In the data below, repeat the line containing "画像3: Jane Marple" and every following line exactly, up to and including the last line. Exclude pictures.

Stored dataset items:

□ □ □ □ □

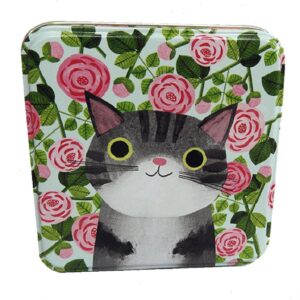 Planet Cat kleine blikken doos grijze tijgerkat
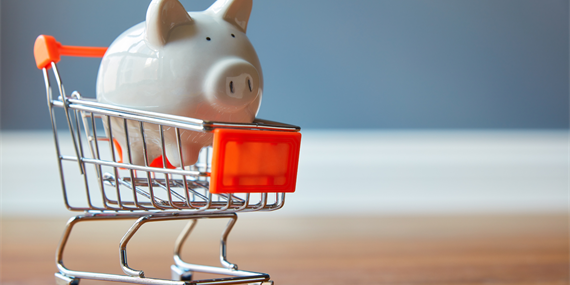 Piggy bank in a shopping trolley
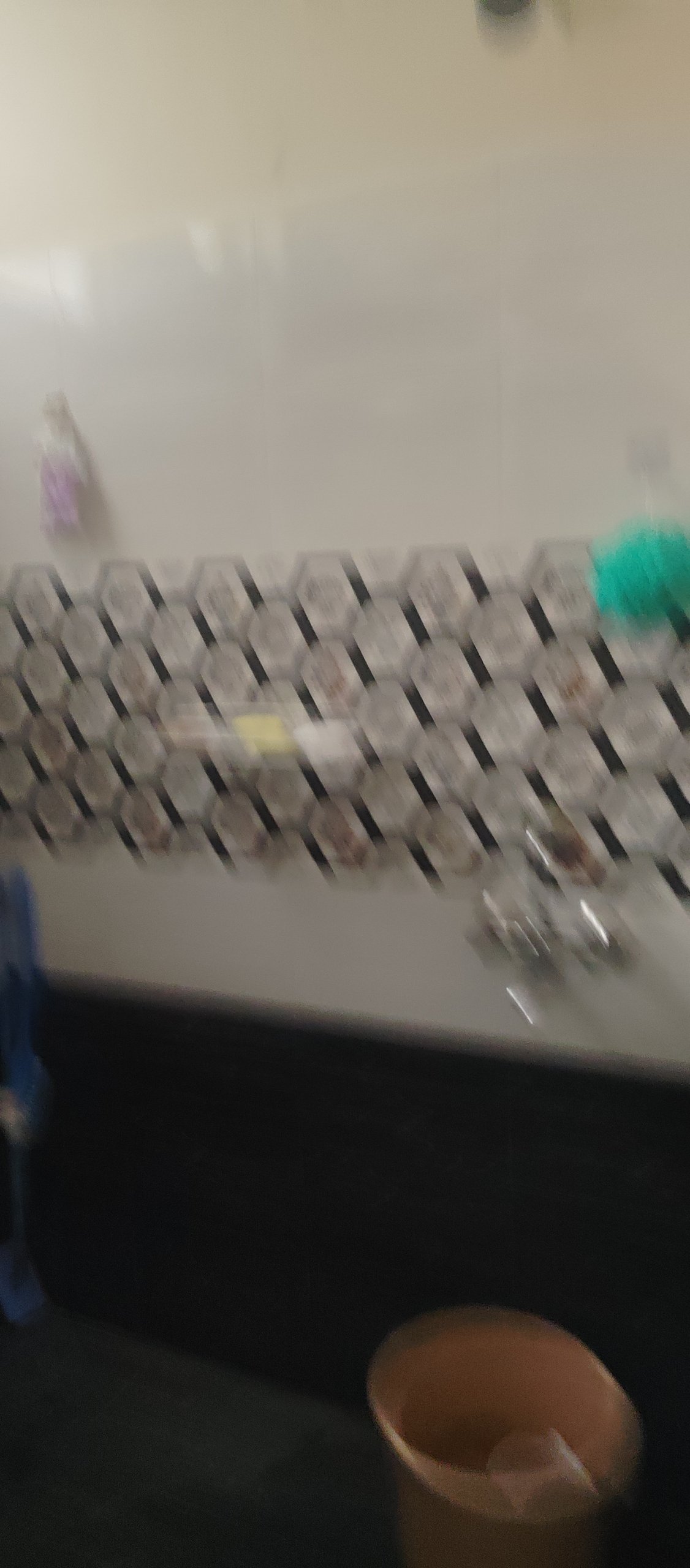 1001397338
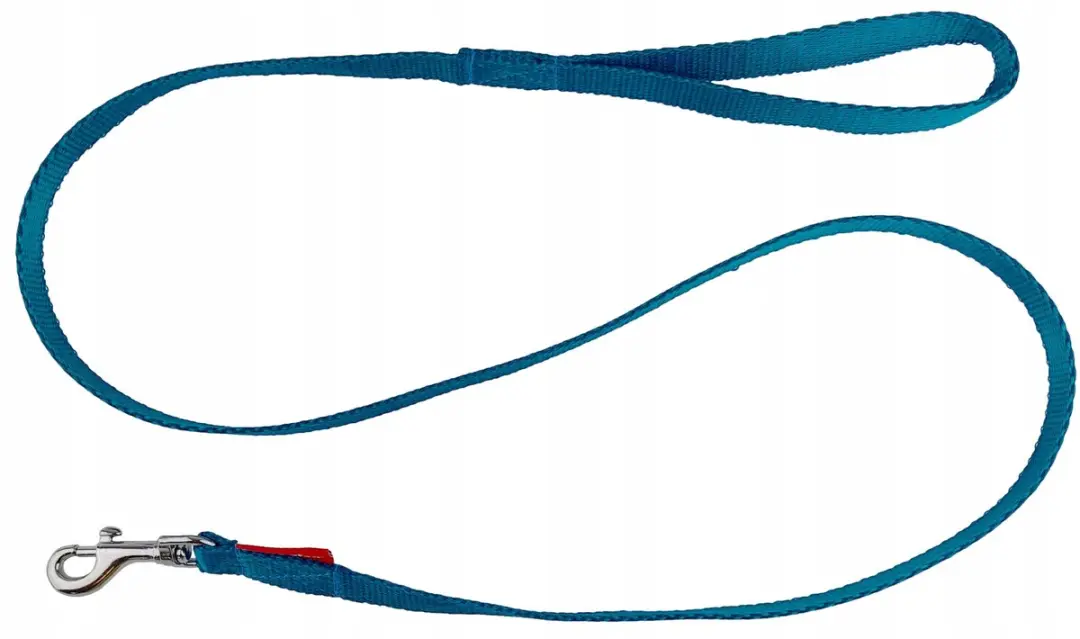 Champion Hondenriem Band 120cm - Turquoise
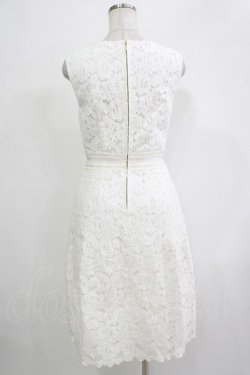 画像3: Jane Marple Dans Le Salon / コットンレースドレス M ホワイト H-25-12-03-044-JM-OP-KB-ZH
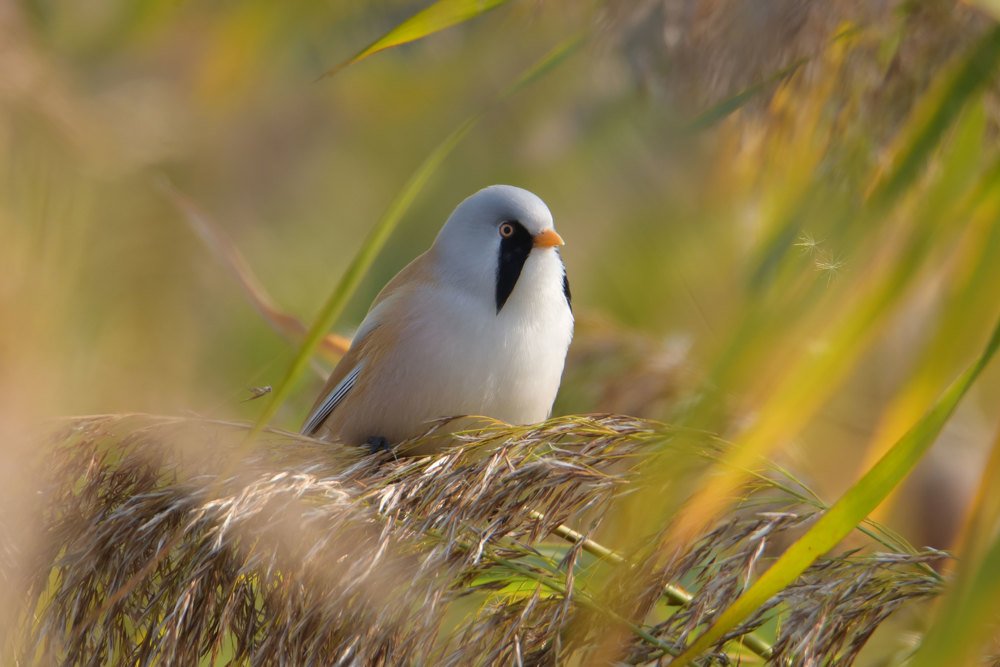 Photograph by Чернобай Анна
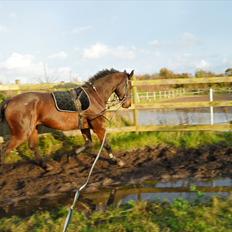 Dansk Varmblod Cawin Imhoff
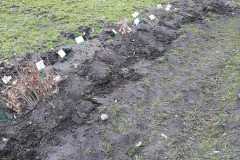 IMG-20230331-WA0008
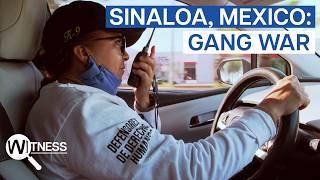 How Mexico's Gangs Have Become An Unstoppable Mafia | Witness | Drug Trafficking Documentary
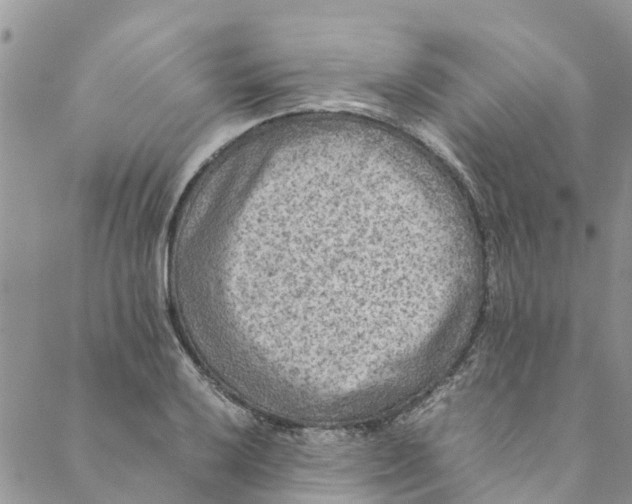 X0000088401032200706121230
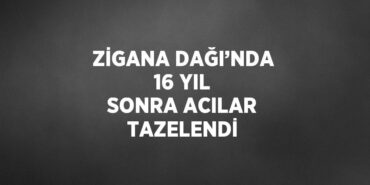 24661248402829628636tasarimli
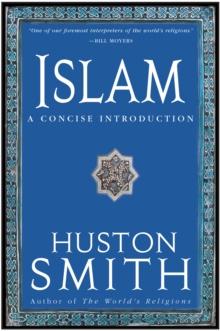 Islam : A Concise Introduction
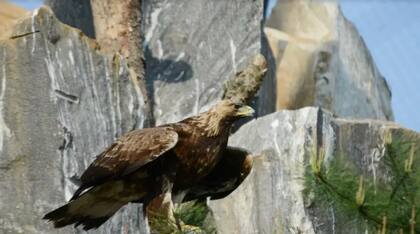 El área también alberga muchas plantas endémicas de Corea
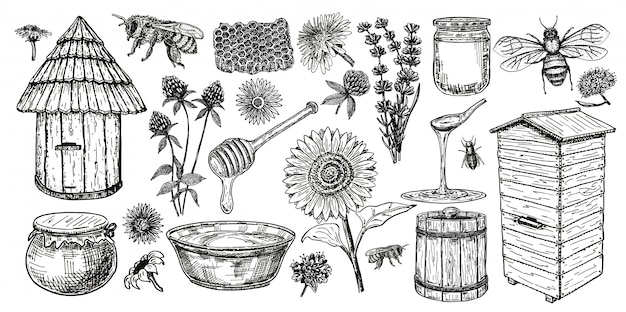 Zestaw ikon szkic pszczelarstwa. Miód vintage zestaw z ula pszczoły, szklany słoik i łyżka, pszczoły, kwiaty miodnika. Rysunek pasieki obiektów. ilustracja.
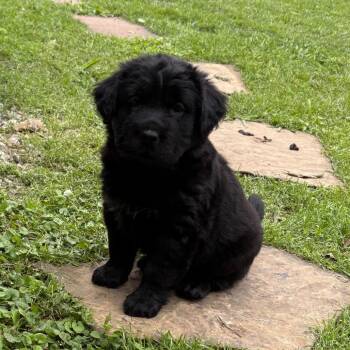 Terrier Dogs Available for Adoption in Dallas, Texas - Ravioli | PetCurious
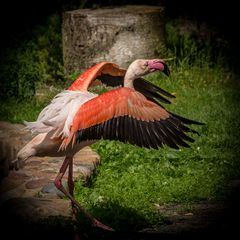 Flamingo in Aufregung? - Vogelpark Walsrode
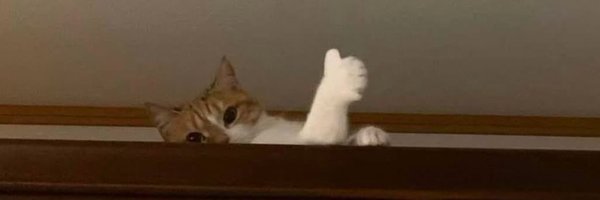 moveris Profile Banner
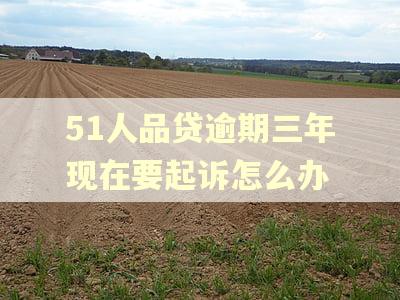 51人品贷逾期三年现在要起诉怎么办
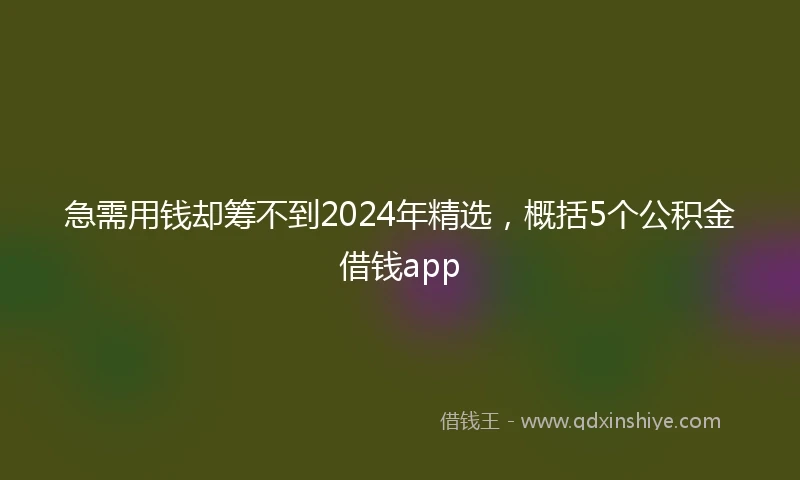 急需用钱却筹不到2024年精选，概括5个公积金借钱app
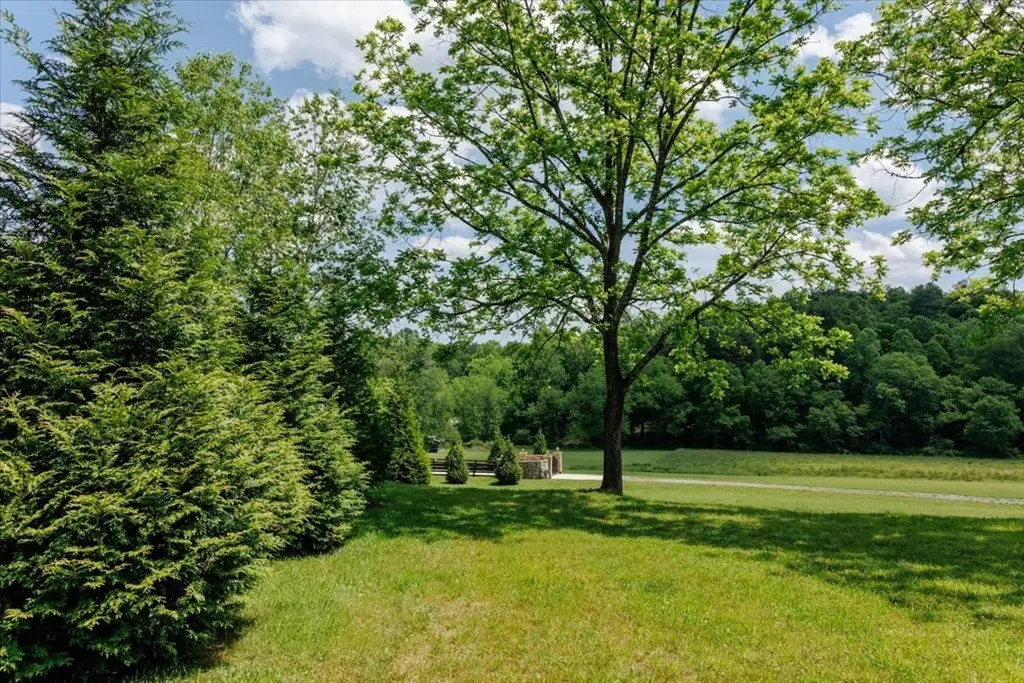 Picture 25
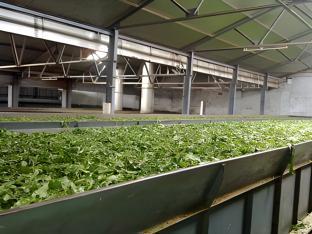 sun park grand hotel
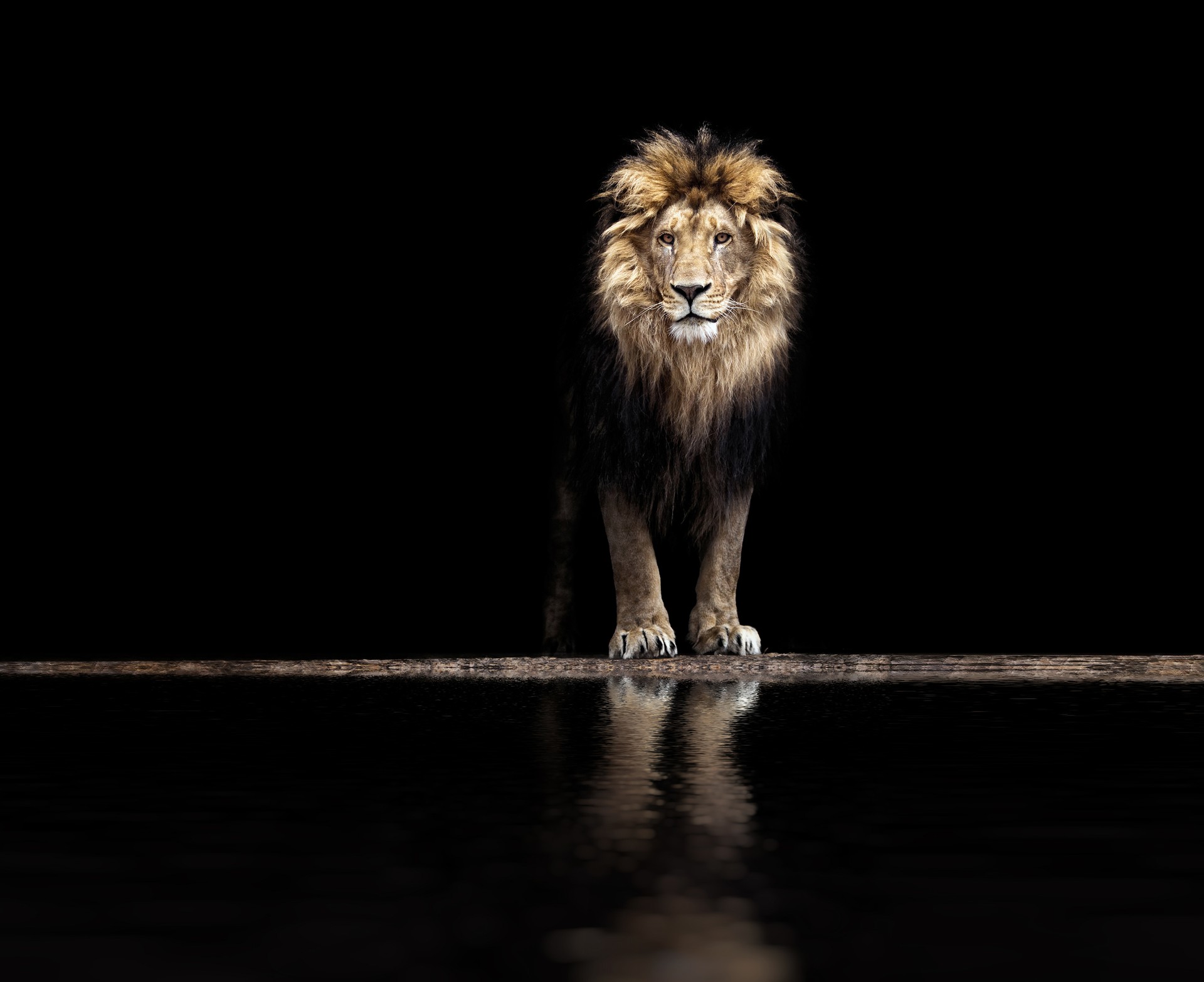 Portrait of a Beautiful lion, lion at waterhole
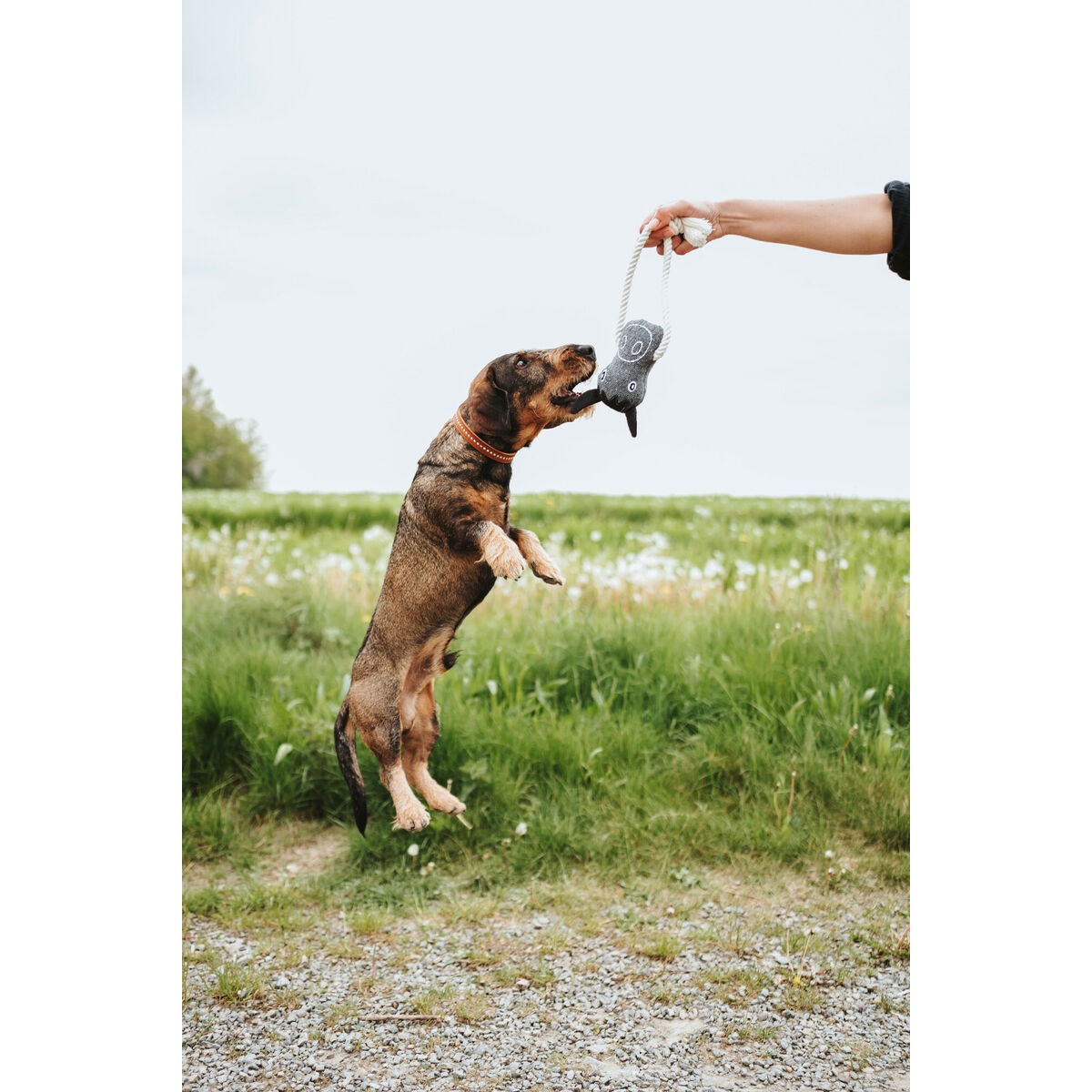 Igrača za pse Hunter Nebraska Rjava Poliester Krava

□ □ □ □ □

* **Solution**:
 画像3: Jane Marple Dans Le Salon / コットンレースドレス M ホワイト H-25-12-03-044-JM-OP-KB-ZH
 Photograph by Чернобай Анна
 Dansk Varmblod Cawin Imhoff
 IMG-20230331-WA0008
 How Mexico's Gangs Have Become An Unstoppable Mafia | Witness | Drug Trafficking Documentary
 X0000088401032200706121230
 24661248402829628636tasarimli
 Islam : A Concise Introduction
 El área también alberga muchas plantas endémicas de Corea
 Zestaw ikon szkic pszczelarstwa. Miód vintage zestaw z ula pszczoły, szklany słoik i łyżka, pszczoły, kwiaty miodnika. Rysunek pasieki obiektów. ilustracja.
 Terrier Dogs Available for Adoption in Dallas, Texas - Ravioli | PetCurious
 Flamingo in Aufregung? - Vogelpark Walsrode
 moveris Profile Banner
 51人品贷逾期三年现在要起诉怎么办
 急需用钱却筹不到2024年精选，概括5个公积金借钱app
 Picture 25
 sun park grand hotel
 Portrait of a Beautiful lion, lion at waterhole
 Igrača za pse Hunter Nebraska Rjava Poliester Krava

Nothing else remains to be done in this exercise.